Wednesday, June 21, 2023

The Summer of Summer: The Summer Book

 

The back cover copy on this 1975 novel claims that it "distills the essence of the summer - it's sunlight and storms - into twenty-two crystalline vignettes." And that it does. The Summer Book by Tove Jansson centers on two characters - six-year-old Sophia, who has recently lost her mother and is navigating the loss and change that entails, and her grandmother, a headstrong expert of living on the rugged and mutable island where they spend their summers.

It's a book you'll want to read slowly - for me, a rare, five-star read. There are so many wisdoms, so many glimpses of human nature to contemplate, so many twists and dialogue that rings with the deepest truth. If there's a third, noticeable character in the book, it's probably Nature. The island consists of rocky coastline and the forested interior, and the weather can cause drought or near-swamp conditions.
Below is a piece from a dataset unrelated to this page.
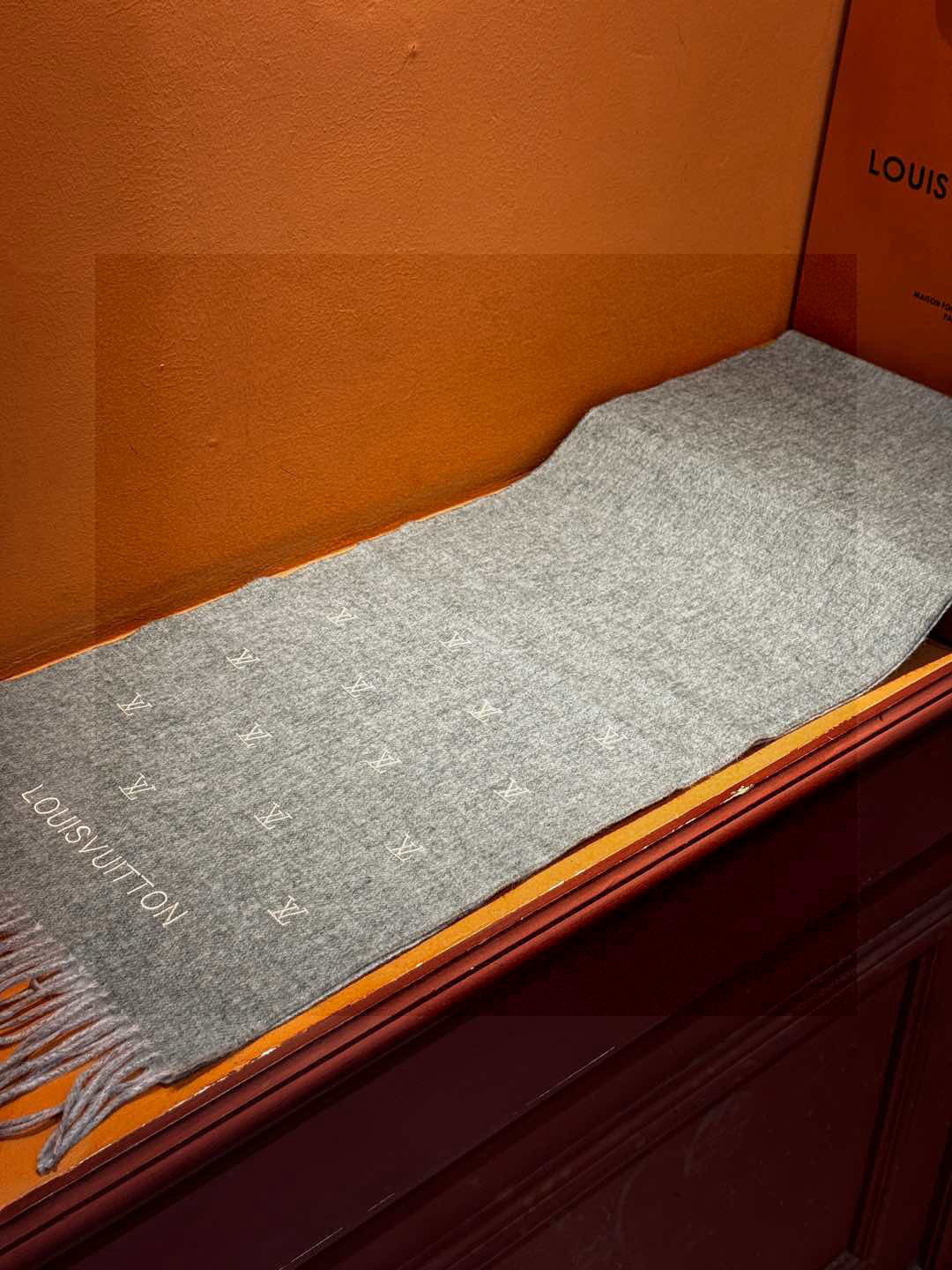 【LV】官网新款 情侣款 巴黎时装展双面羊绒围巾！采用蒙古高原细羊绒！手感满满地都是细腻的绒毛！这个价格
Sophia and her grandmother are in constant contact with their environment - exploring, playing, noticing, building. Both are angry about certain things. The grandmother, near the end of her life, resents the loss of some of her autonomy. Sophia is angry about things she's unable to voice in her young age. Of this novel, a friend of mine said that the grandmother is the best untrained psychologist she's seen. And certainly, there's a nurturing wisdom in the way she handles Sophia's meltdowns, questions, and sometimes, personal attacks.
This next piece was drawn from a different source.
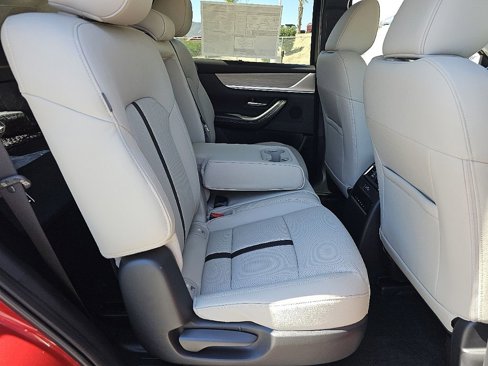 New 2025 MAZDA CX-70 Plug-In Hybrid w/ Premium Pkg image 13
Written in deceptively simple prose, this novel encompasses depths and depths. Each story lingers, as layers of meaning continue to rise to the surface long after reading. I could choose from many excerpts in this wonderful novel, but here's one.

The sun came up. The fog glowed for an instant and then simply vanished. Out on a flat rock in the water lay a scolder. It was wet and dead and looked like a wrung-out plastic bag. Sophia declared that it was an old crow, but Grandmother didn't believe her.

"But it's spring!" Sophia said. "They don't die now; they're brand new and just married - that's what you said!"

"Well," Grandmother said, "it did die now, all the same."

"How did it die?" Sophia yelled. She was very angry.

"Of unrequited love," her grandmother explained. "He sang and scolded all night for his scolder hen and then along came another and stole her away, so he put his head under the water and floated away."

"That's not true," Sophia screamed. She started to cry. "Long-tails can't drown. Tell it right!"

So Grandmother told her he had simply hit his head on a rock. He was singing and scolding so hard that he didn't look where he was going, and so it just happened, right when he was happier than he'd ever been before.

"That's better," Sophia said. "Shall we bury him?"

"It's not necessary," Grandmother said. "The tide will come in and he'll bury himself. Seabirds are supposed to be buried at sea, like sailors." 

I highly recommend this wonderful book for your summer pile. Next up in my summer reading project, Maggie Shipstead's Seating Arrangements.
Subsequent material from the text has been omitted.